**GOAL OF THE EXERCISE**:
From the line containing "Curling: Japan misses" through the last line of the entries, output the text exactly. Pictures stay out.

**RECORDS TO PROCESS**:
'''
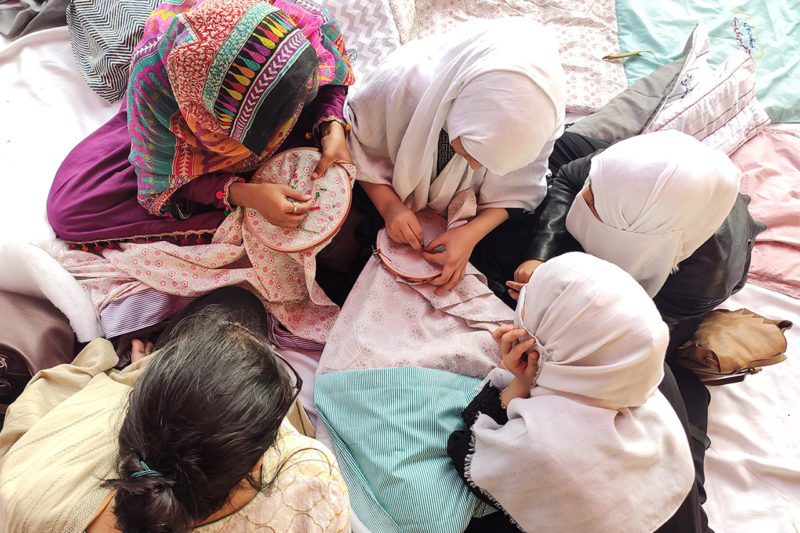 Group of Women Artisans in Pakistan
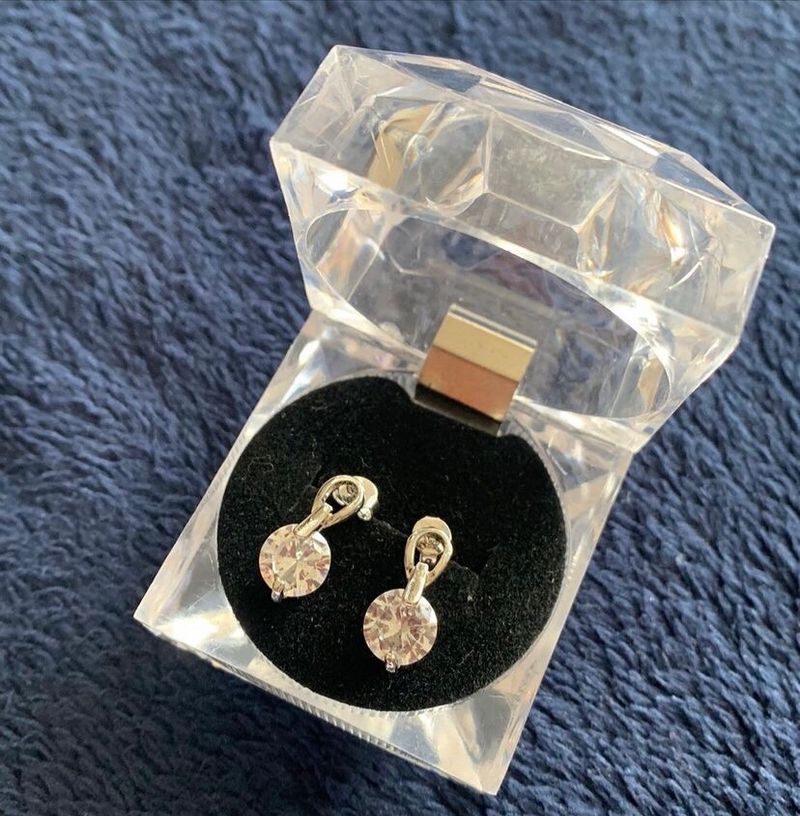 Brand New Crystal Drop Earrings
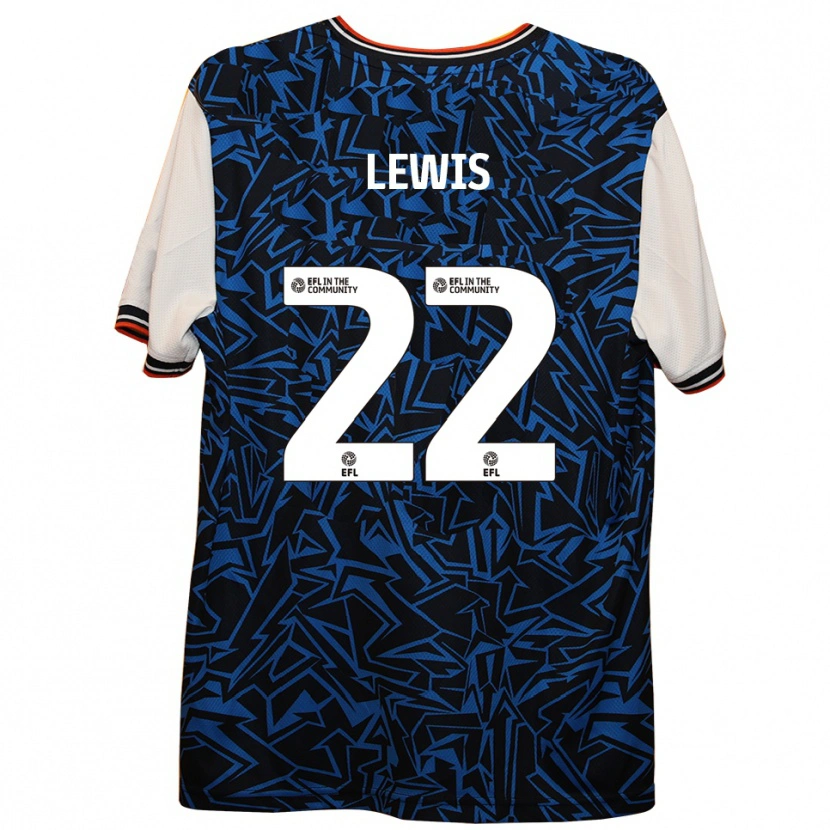 Danxen Damen Shanice Lewis #22 Blau Schwarz Weiß Auswärtstrikot Trikot 2025/26 T-Shirt Österreich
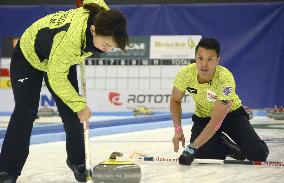 Curling: Japan misses out on SF spot at world mixed doubles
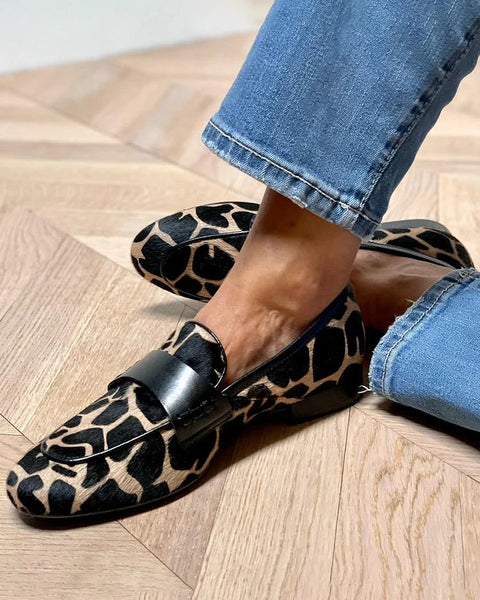 Daphne | Mocassin en Imprimé Animal Avec Détail Élégant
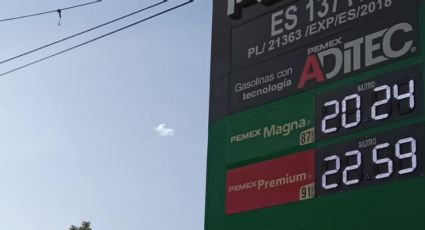 Gasolina premium no baja; precio promedio mantiene récord de 22.40 pesos el litro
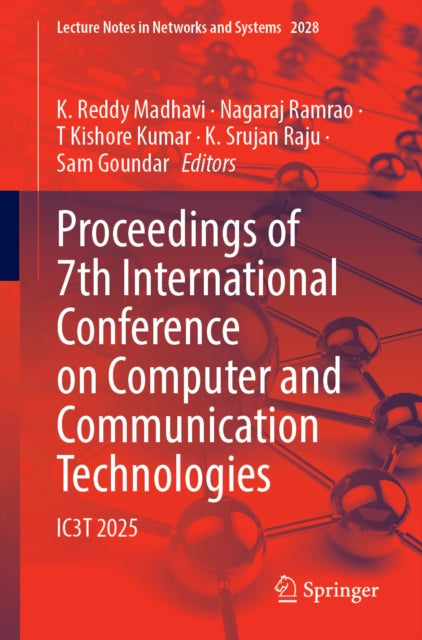 Proceedings of 7th International Conference on Computer and Communication Technologies cover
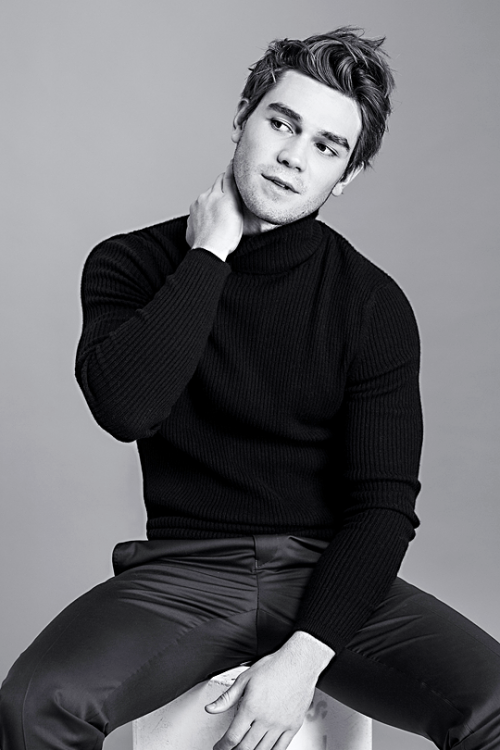 mancandykings:KJ Apa photographed by Kathryn Wirsing for Esquire (2017) **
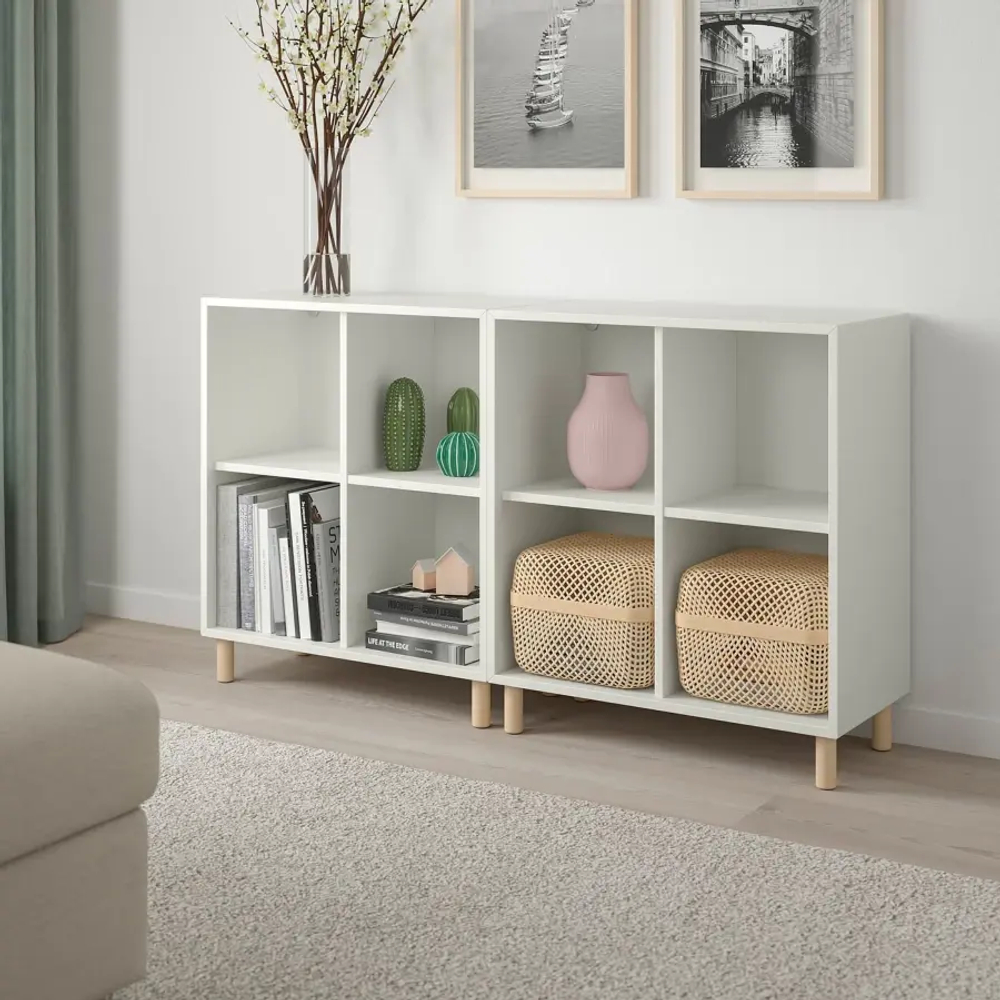 Комбинация для хранения - EKET IKEA/ЭКЕТ ИКЕА, 140x35x80 ,белый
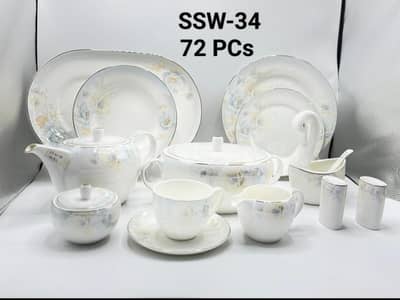 73 PCs Dinner Sets. Super Bone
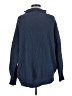 Aerie 100% Polyester Blue Turtleneck Sweater Size M - photo 2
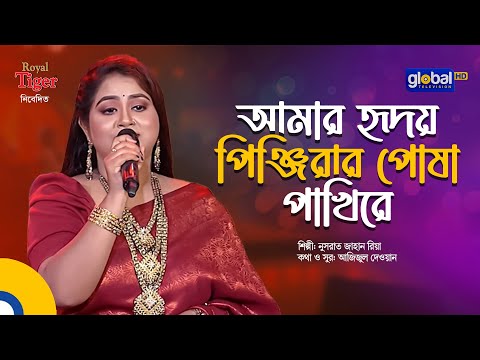 Amar Hridoyo Pinjirar Posha। আমার হৃদয় ও পিঞ্জিরার পোষা পাখিরে | Bangla Song | Nusrat Jahan Riya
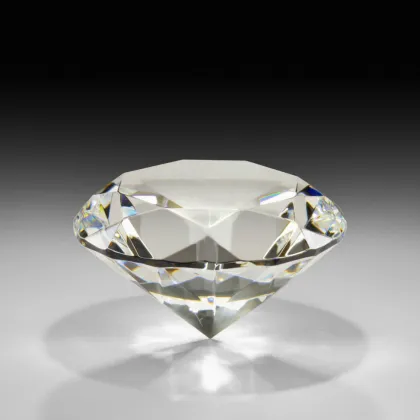 Wholesale 3 inch Sparkling Clear Glass Diamond Stone Paperweight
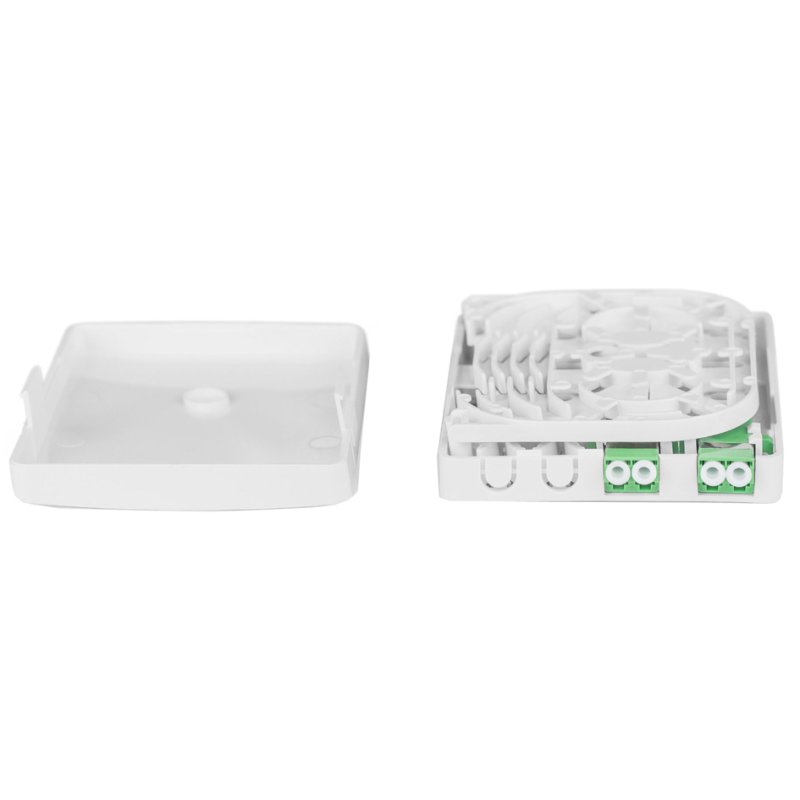 DIGITUS boîtier de raccordement fibre optique, 2x LC/APC coupleur duplex, blanc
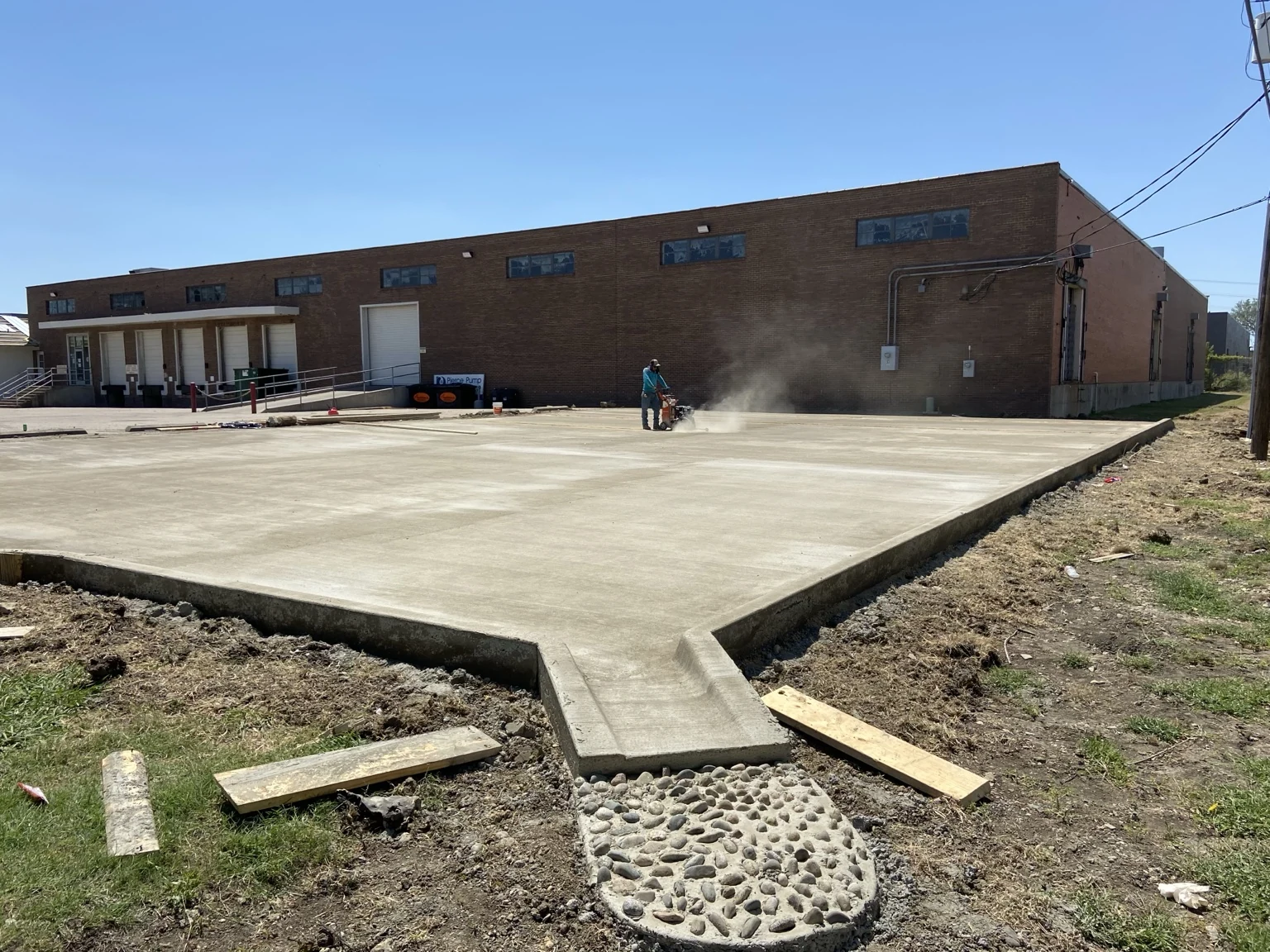 Exterior concrete at a commercial property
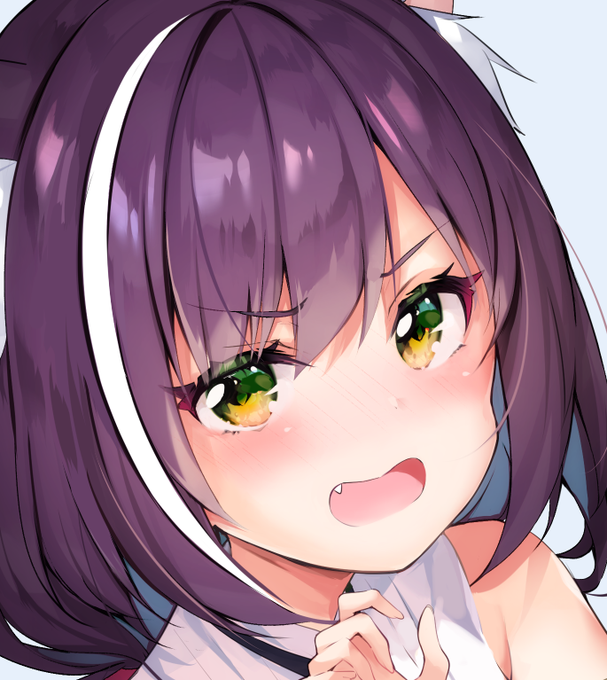 顔と髪ちょっとなおしました!
コミ1の色紙になりまする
'''
**WRITTEN ANSWER**:
 Curling: Japan misses out on SF spot at world mixed doubles
 Daphne | Mocassin en Imprimé Animal Avec Détail Élégant
 Gasolina premium no baja; precio promedio mantiene récord de 22.40 pesos el litro
 Proceedings of 7th International Conference on Computer and Communication Technologies cover
 mancandykings:KJ Apa photographed by Kathryn Wirsing for Esquire (2017) **
 Комбинация для хранения - EKET IKEA/ЭКЕТ ИКЕА, 140x35x80 ,белый
 73 PCs Dinner Sets. Super Bone
 Aerie 100% Polyester Blue Turtleneck Sweater Size M - photo 2
 Amar Hridoyo Pinjirar Posha। আমার হৃদয় ও পিঞ্জিরার পোষা পাখিরে | Bangla Song | Nusrat Jahan Riya
 Wholesale 3 inch Sparkling Clear Glass Diamond Stone Paperweight
 DIGITUS boîtier de raccordement fibre optique, 2x LC/APC coupleur duplex, blanc
 Exterior concrete at a commercial property
 顔と髪ちょっとなおしました!
コミ1の色紙になりまする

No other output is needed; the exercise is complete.